• **THE PROBLEM**:
Please copy out the full listing that follows exactly; no picture belongs in the copy.

• **INPUT**:
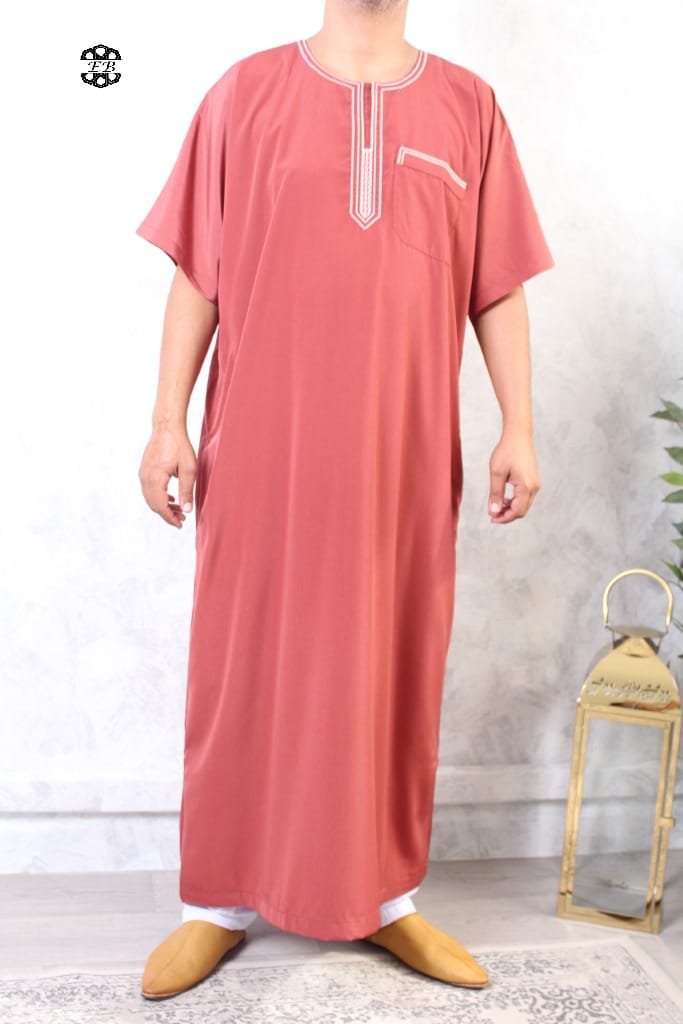 Qamis manches courtes brodé El Bassira rouge brique 194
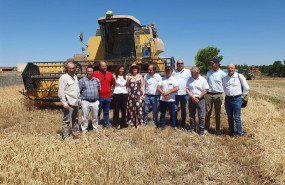 ep el consejero joaquin antonio pino centro con representantes sindicales agrarios y autoridades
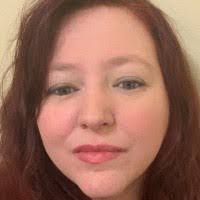 Vicky Erickson's Instagram, Twitter & Facebook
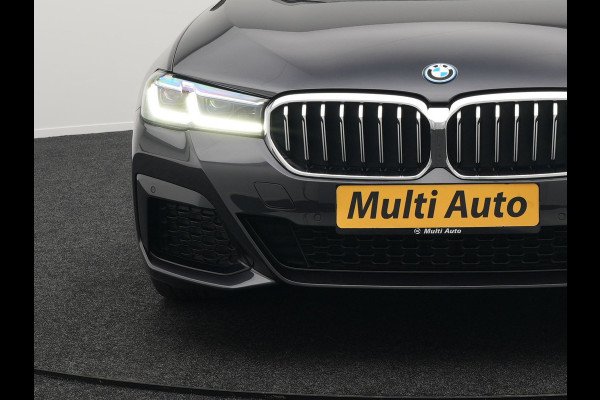 BMW 5 Serie Touring 530e M-Sport Plug In Hybrid PHEV |  Trekhaak af Fabriek | Laser LED | Carplay | Camera | Head Up | Electrische Lederen Sportstoelen | Stoel Verwarming | Sfeerverlichting |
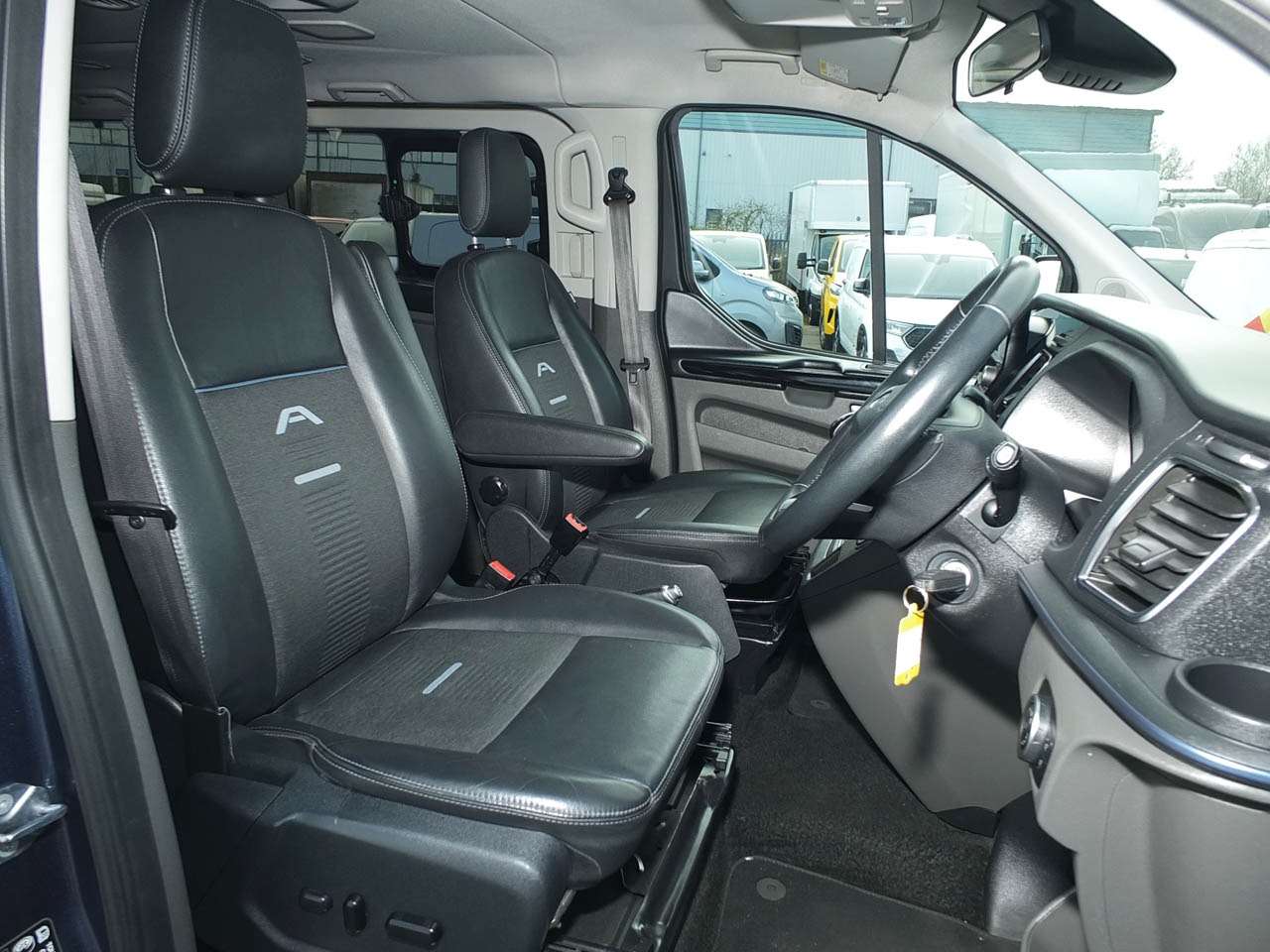 Used Ford Tourneo Custom 2022 for sale - 77662846: Photo 16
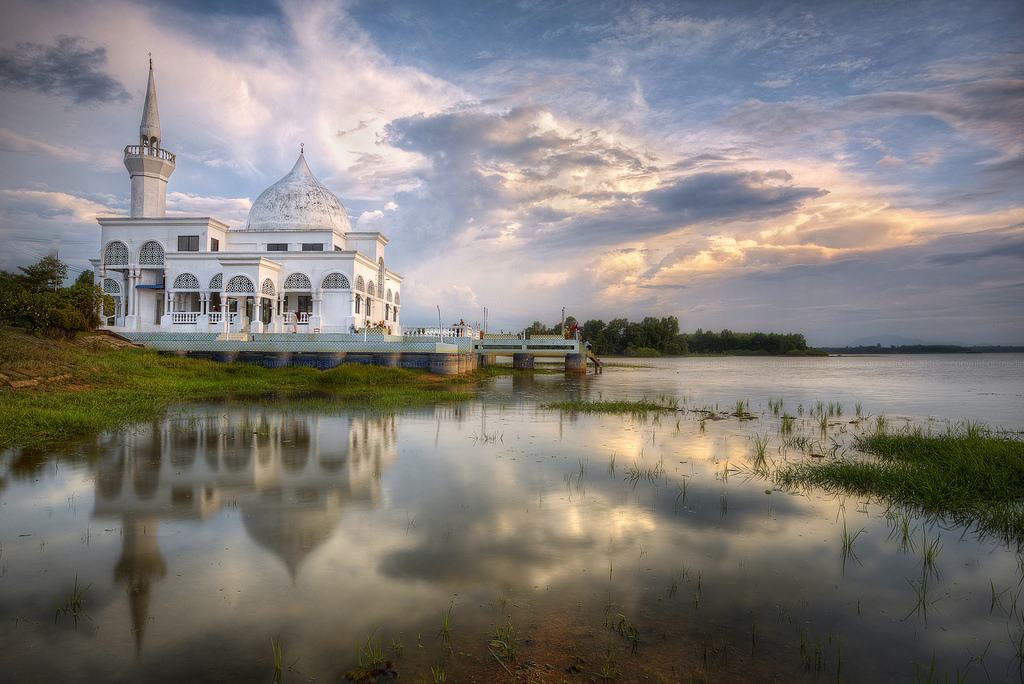 Masjid Brunei Di Kelantan Lambang Persahabatan The Patriots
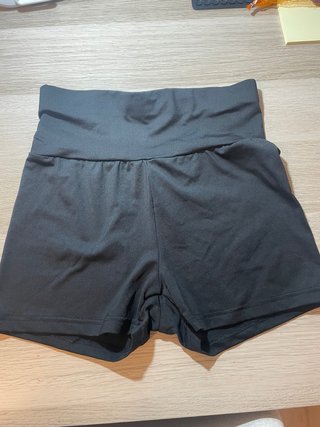 Malla deportiva corta negra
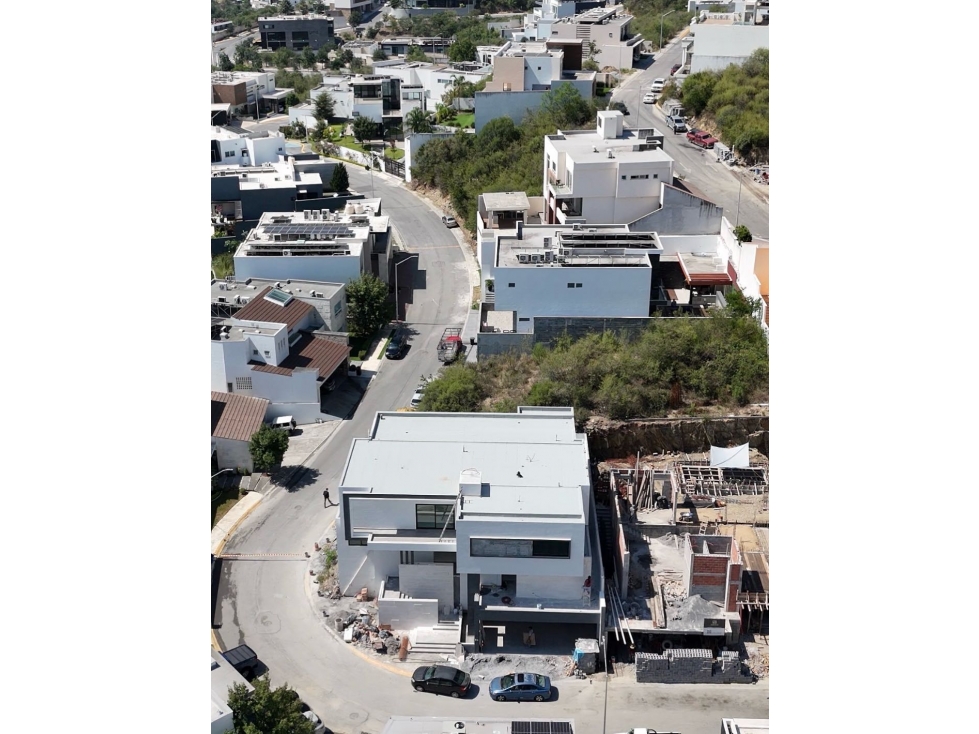 Residencia de lujo en Venta en Sierra Alta 9° Sec. — foto 3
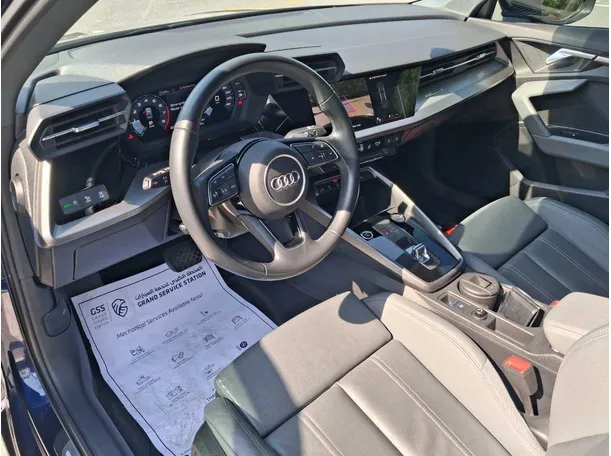 Car image 12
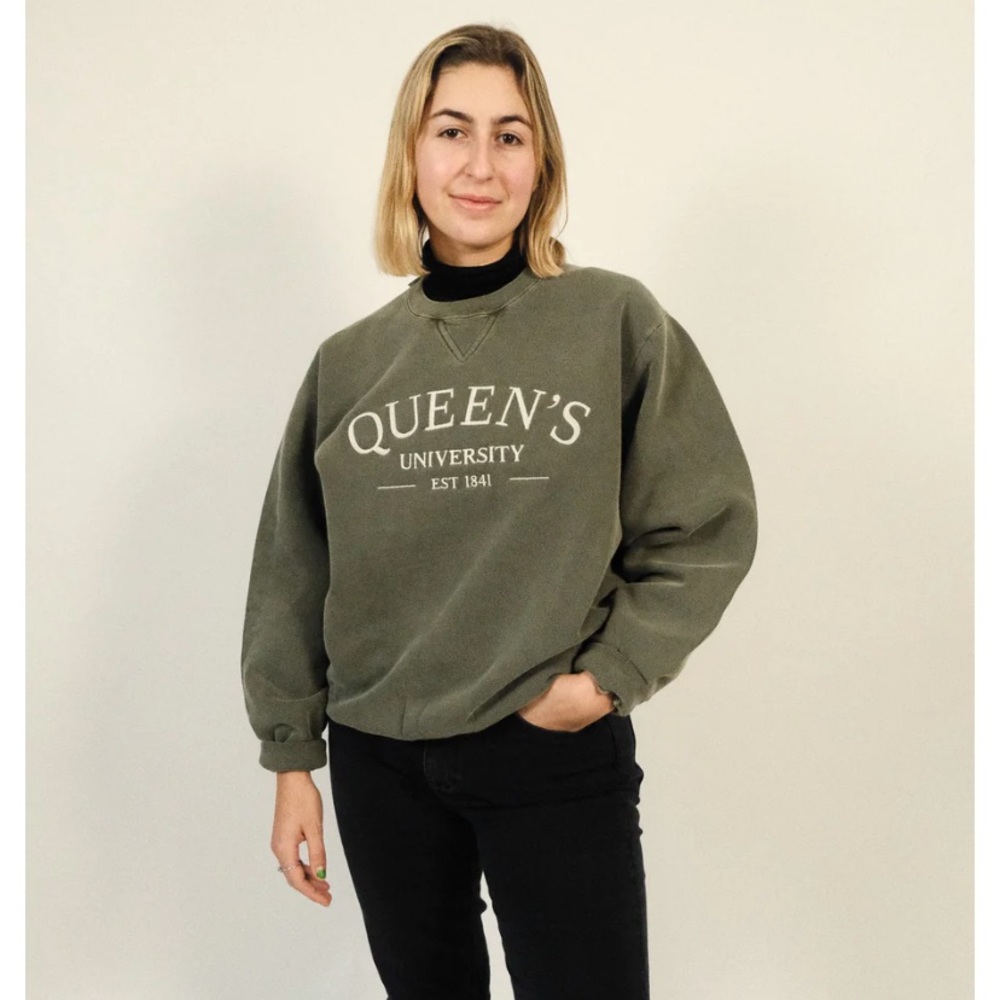 Queens university tricolour outlet northern crewneck
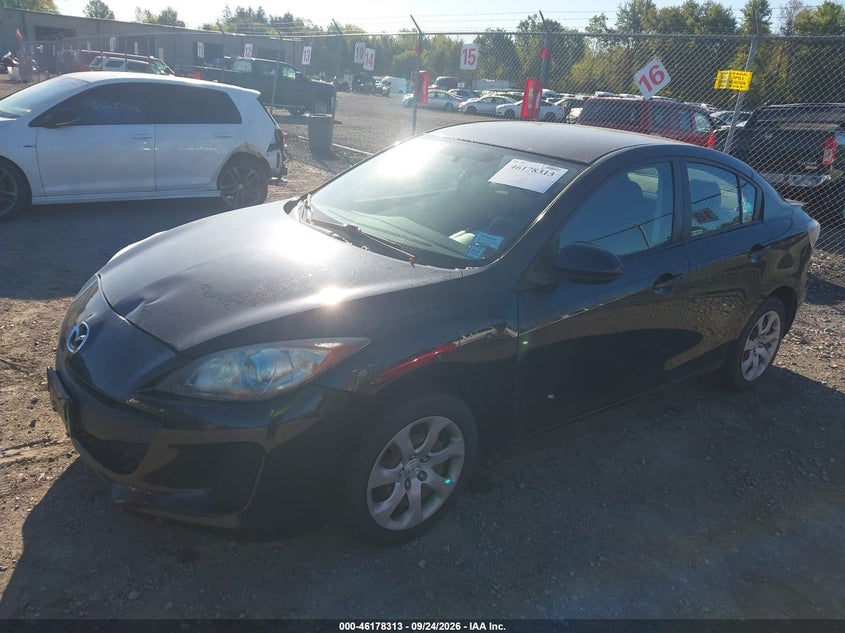 Vin: jm1bl1upxd1833673, lot: 46678173, mazda mazda3 i sport 20132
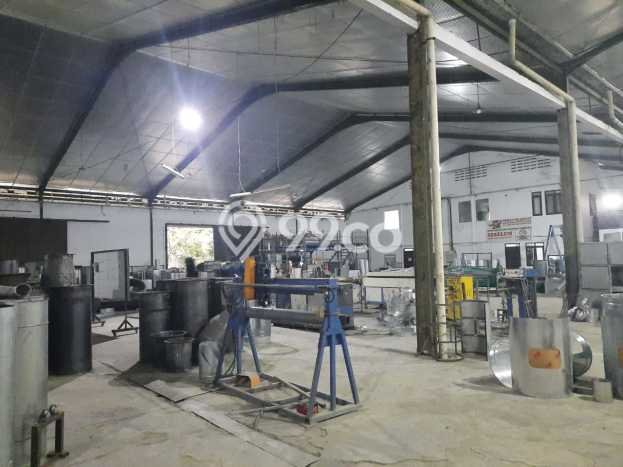 Gudang Bagus Dijual LB 1696m2 Lokasi Strategis Bandung Area Cocok untuk Berbisnis Gudang Bagus Dijual LB 1696m2 Lokasi Strategis Bandung Area Cocok untuk Berbisnis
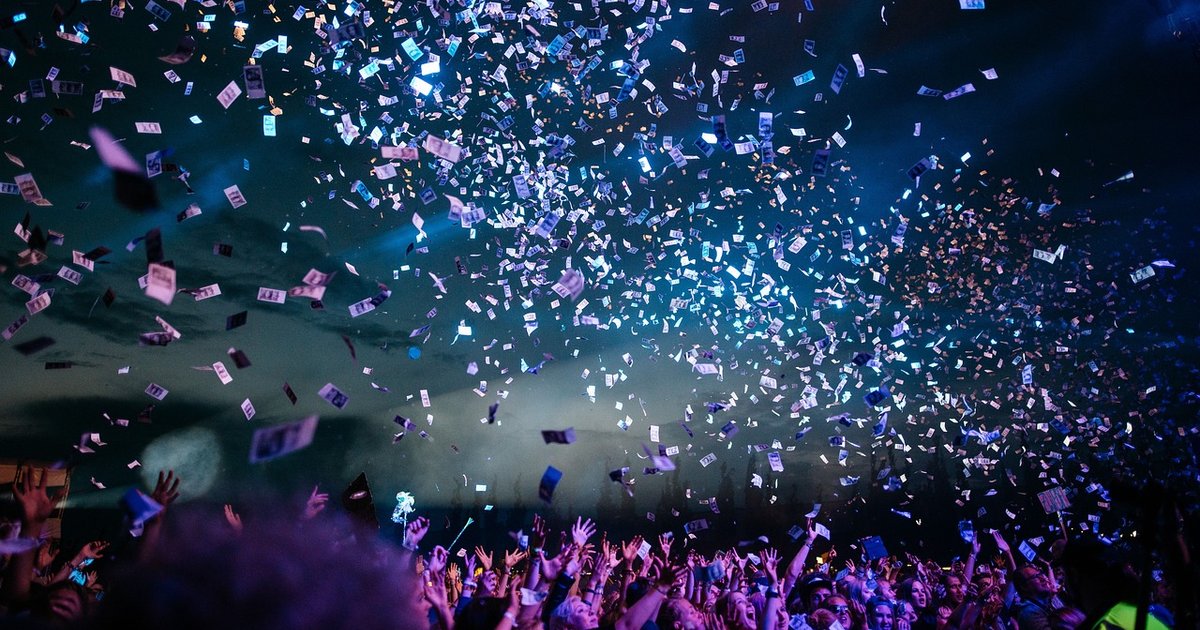 Garotos Podres movimentam 8 mil pessoas em show gratuito no Cidade Rock, em Goiânia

• **SOLUTION TO THIS EXERCISE**:
 Qamis manches courtes brodé El Bassira rouge brique 194
 ep el consejero joaquin antonio pino centro con representantes sindicales agrarios y autoridades
 Vicky Erickson's Instagram, Twitter & Facebook
 BMW 5 Serie Touring 530e M-Sport Plug In Hybrid PHEV |  Trekhaak af Fabriek | Laser LED | Carplay | Camera | Head Up | Electrische Lederen Sportstoelen | Stoel Verwarming | Sfeerverlichting |
 Used Ford Tourneo Custom 2022 for sale - 77662846: Photo 16
 Masjid Brunei Di Kelantan Lambang Persahabatan The Patriots
 Malla deportiva corta negra
 Residencia de lujo en Venta en Sierra Alta 9° Sec. — foto 3
 Car image 12
 Queens university tricolour outlet northern crewneck
 Vin: jm1bl1upxd1833673, lot: 46678173, mazda mazda3 i sport 20132
 Gudang Bagus Dijual LB 1696m2 Lokasi Strategis Bandung Area Cocok untuk Berbisnis Gudang Bagus Dijual LB 1696m2 Lokasi Strategis Bandung Area Cocok untuk Berbisnis
 Garotos Podres movimentam 8 mil pessoas em show gratuito no Cidade Rock, em Goiânia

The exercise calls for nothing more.